> **BRIEF**:
Your response should consist of the data that follows, repeated in full without alteration.

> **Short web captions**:
◇ ◇ ◇ ◇ ◇
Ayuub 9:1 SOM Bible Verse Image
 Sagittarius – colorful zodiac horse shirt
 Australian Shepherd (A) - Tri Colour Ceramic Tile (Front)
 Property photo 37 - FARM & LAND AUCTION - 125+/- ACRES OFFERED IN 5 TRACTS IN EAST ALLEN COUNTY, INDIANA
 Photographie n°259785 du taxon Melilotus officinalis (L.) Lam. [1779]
◇ ◇ ◇ ◇ ◇
> **WRITTEN RESPONSE**:
Ayuub 9:1 SOM Bible Verse Image
 Sagittarius – colorful zodiac horse shirt
 Australian Shepherd (A) - Tri Colour Ceramic Tile (Front)
 Property photo 37 - FARM & LAND AUCTION - 125+/- ACRES OFFERED IN 5 TRACTS IN EAST ALLEN COUNTY, INDIANA
 Photographie n°259785 du taxon Melilotus officinalis (L.) Lam. [1779]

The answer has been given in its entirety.